There’s been no effective sponsorship at the centre of London. Broadly my view is the Treasury is a malign influence on these projects because it will not take a broader view. It will not take risks on future income or future development receipts. It just says, ‘Those are ours; it can’t go back into the project.’ That really stymies big economic growth development projects, particularly outside London. The same thing in Bristol – Bristol should be a huge growth area for the whole of the South West and all around it. Trying to get the government to put serious delivery oomph behind what a strong and good local Mayor in Bristol wants to do is proving really difficult.
Q: What do you think is the most important takeaway for us from this conversation?
We haven’t really talked in detail about fiscal devolution: the over-centralisation of the British state is a huge problem and underlies much of what I’ve been saying. Ultimately the only way you can deal with that is through much greater fiscal devolution. Exactly how you do that, which taxes and so on, others are better qualified to opine on. You probably can’t do it in a great big bang. The London example shows that you can go a bit down that road when you provide the transport fare base. In London, when you provide that, and when you’ve got the scale of council tax precepts, regressive and relatively small though that is, you can do a hell of a lot with that and ultimately it builds in fundamental accountability. I’m sure that has got to be a big part of making things better.

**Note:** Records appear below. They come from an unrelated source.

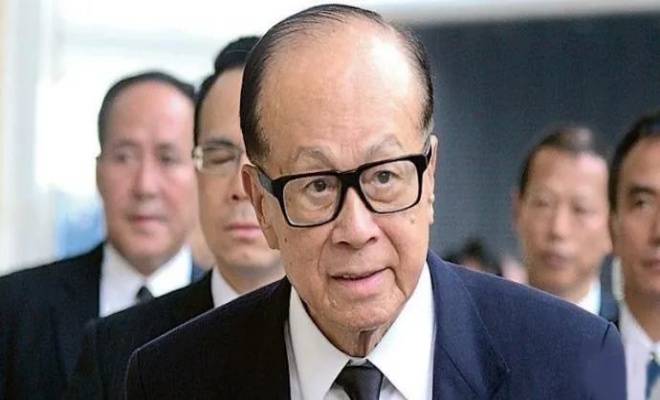 最新！李嘉诚旗下长江和记发布2024年业绩！港口交易引争议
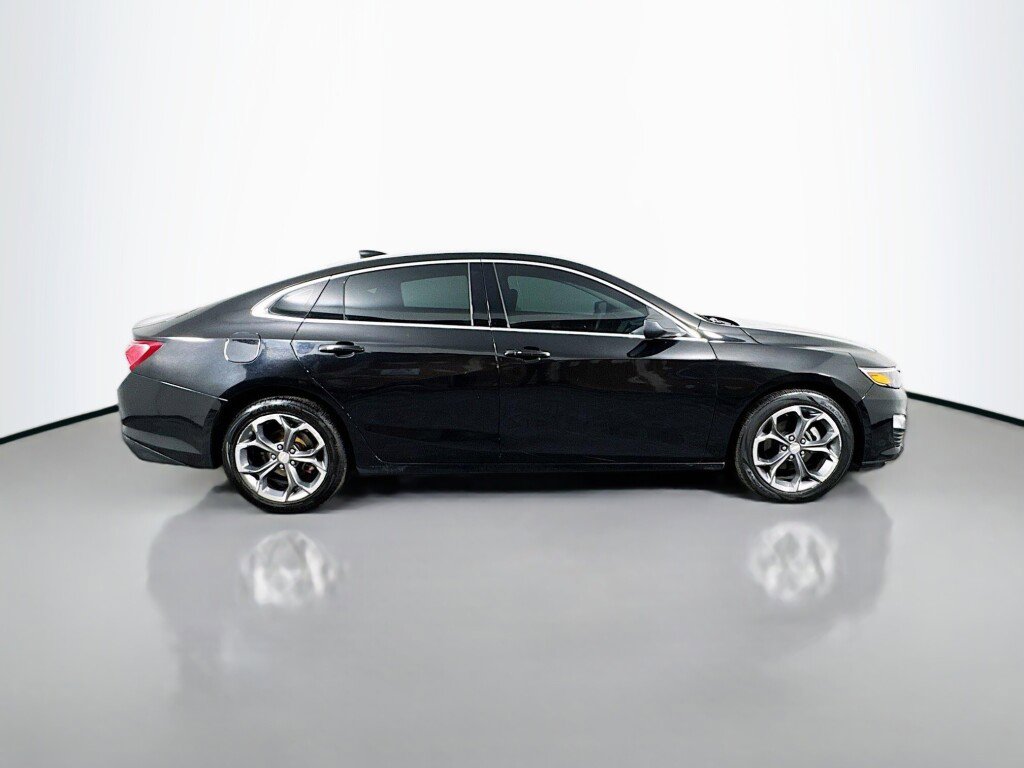 Used 2021 Chevrolet Malibu LT FWD image 6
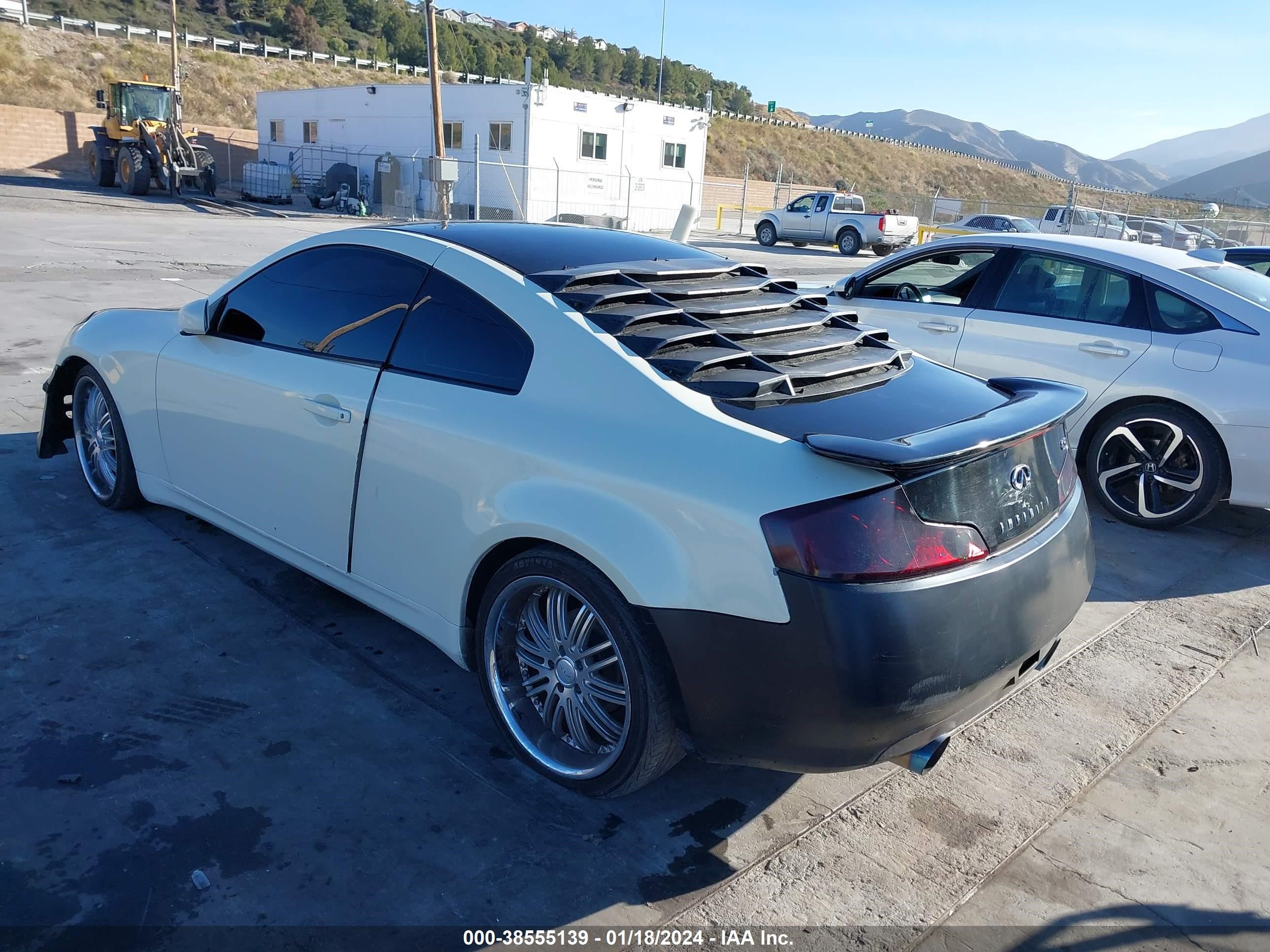 Photo 2 VIN: JNKCV54EX3M212157 - INFINITI G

There is scope to do this within the existing stuff, like the business rate retention programmes that you can build into regeneration projects. It inevitably raises some fundamental policy issues around transport and infrastructure and net zero has to be fundamentally driven by national government policy.
On the Infrastructure Commission, we recently wrote a study on towns and infrastructure which argues for sensible, needs-based, long-term transport budgets for upper tier local authorities, rather than the position at the moment where there are about 16 different competitive funding streams. It’s just crazy and nonsense. But the Treasury is very against this, and their line always is, ‘Well these people don’t know what they’re doing, so why should we allow them to decide?’ That’s just wrong. You never make progress that way.
The problem is the Treasury doesn’t really have a strategy. The Industrial Strategy, whatever you thought about it, was literally just thrown overboard overnight. We have so many weaknesses: the LEPs [Local Enterprise Partnerships] that replaced the RDAs have been a catastrophic failure; a lot of the core building blocks that many people would think are necessary – like having a strategic approach to growth – are missing. You’ve only got to look at the so-called Build Back Better statement that was produced earlier this year – it’s a hideously poor document which is supposedly now the strategic approach to economic growth. If you haven’t got a strategy and you haven’t got any functioning organisations at a local or a regional level to genuinely bringing together government and the private sector and investors and business, you’re in a pretty poor place.